Councilmember Nick Licata
Council President Richard Conlin
Councilmember Tim Burgess
Councilmember Jean Godden
Councilmember Tom Rasmussen
COUNCIL PASSES LOBBYIST REGISTRATION
New law will make government more transparent
SEATTLE— The Council, today, unanimously passed a new law that requires registration for paid lobbyists. Councilmember Nick Licata, the law’s sponsor, said, “This will make the process of attempting to influence City government much more transparent. The public deserves broad access to information concerning lobbyists.” The new law would require paid lobbyists to register with the Ethics and Elections Commission. Lobbyists would be required to reveal what issues they are petitioning the City about, who is employing them, and how much they are being paid.
Council President Richard Conlin said, “It is vital that Seattleites have as much access as possible to information on how City government makes decisions. This measure is another building block in constructing a more participatory political culture in the city.” Councilmember Tim Burgess, a co-sponsor of the legislation, said, “This is excellent legislation that will shine light on the lobbying activities of private-sector paid lobbyists and government employees who are hired as lobbyists.” Councilmember Tom Rasmussen said, “Opening up the process helps to ensure that the decisions the Council makes are in the public’s interest.” Councilmember Jean Godden said, “As a former journalist, I’m a staunch and longtime believer in openness in government. This is an important first step toward transparency.”

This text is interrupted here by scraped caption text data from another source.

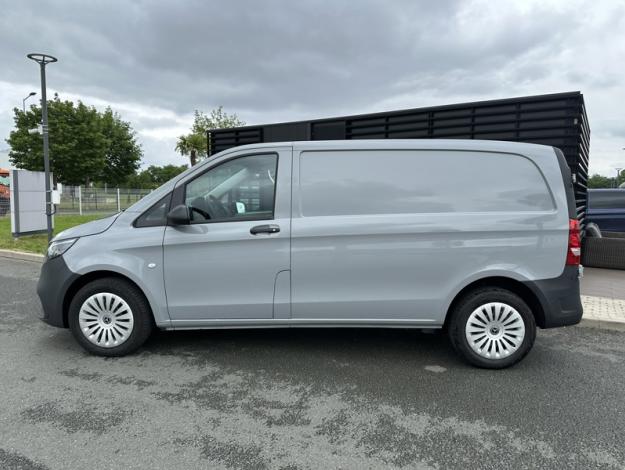 MERCEDES-BENZ Vito 114 CDI Fourgon Compact  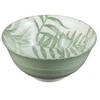 Porcelianinis dubenėlis LEAVES DESIGN, 3 spalvos, 500 ml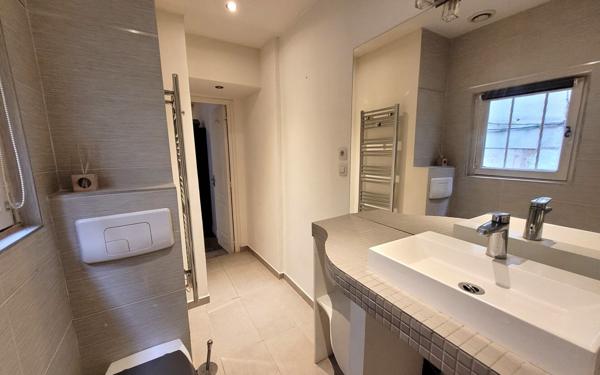 Appartement à vendre    2 pièces • 55,63 m2 Orléans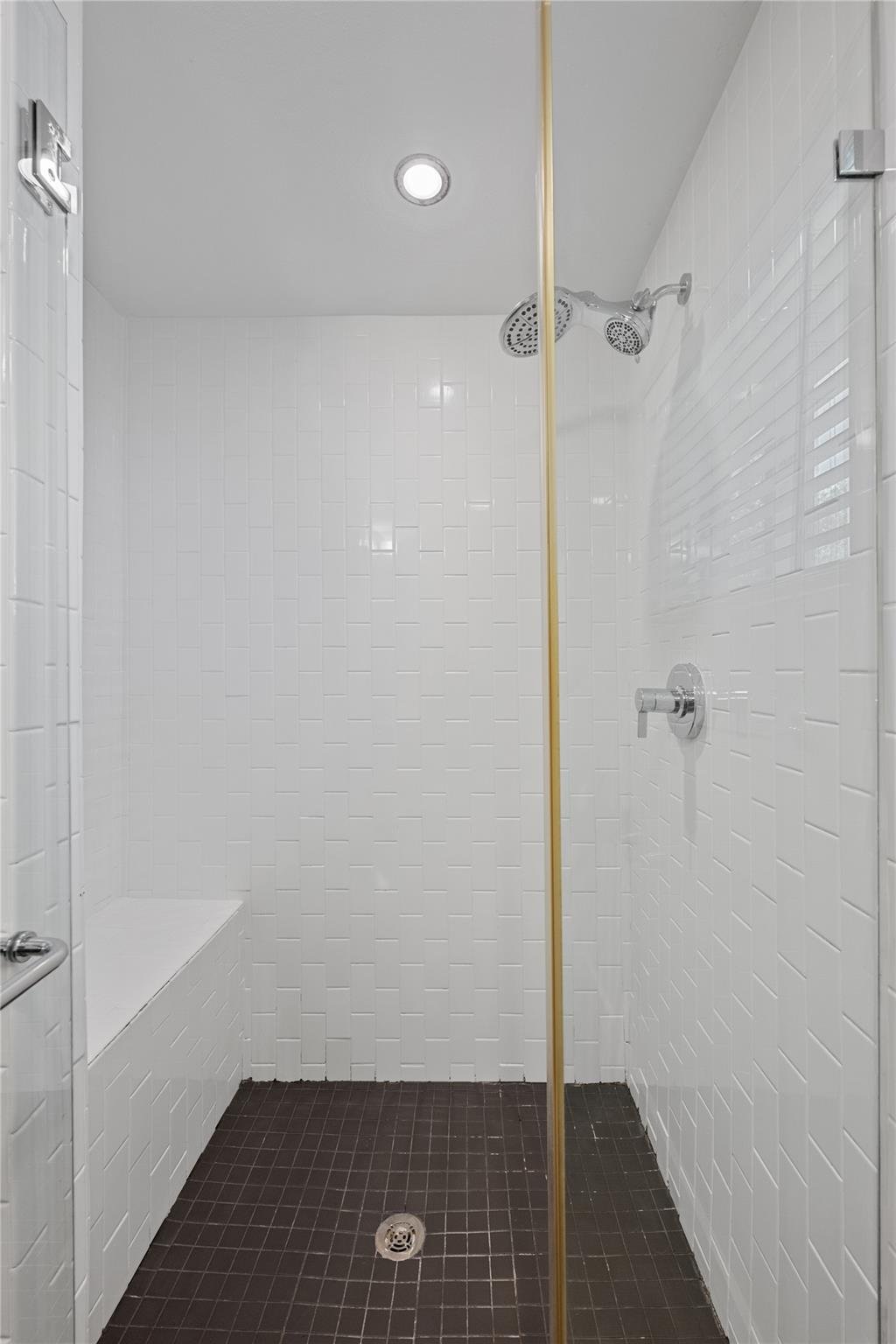 Bathroom at 3108 Fontana Dr - 3 bed 2 bath home
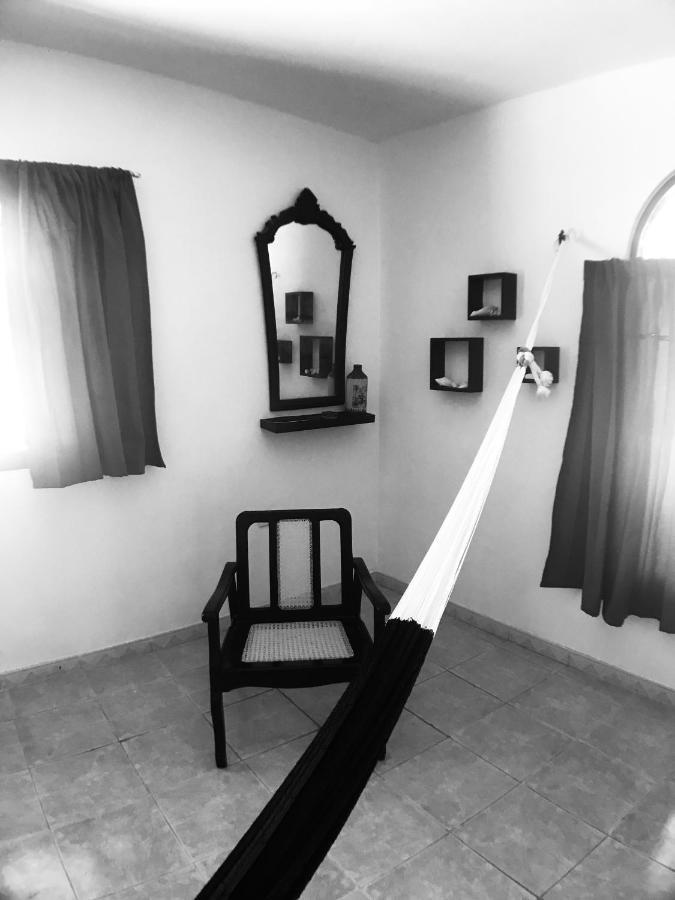 Casa "La 44" Bed & Breakfast Merida Luaran gambar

The new law requires paid lobbyists who lobby elected officials or their staff to register with the City if they lobby four times per quarter or more. The City of Seattle currently does not have a lobbyist registration ordinance, unlike Washington State, King County and most major cities in the United States. Seattle Ethics and Elections will enforce the ordinance, and will create an online directory for easy public access. Violators could be fined by up to $5,000.
From the time the Mayor signs it, the law will go into effect in 180 days, or 30 days after the Ethics and Elections Commission approves rules, whichever comes first, in order to allow Ethics and Elections sufficient time to develop the reporting forms, a website, and rules.
Councilmember Licata said, “This new law will encourage open government and citizen participation in that government.”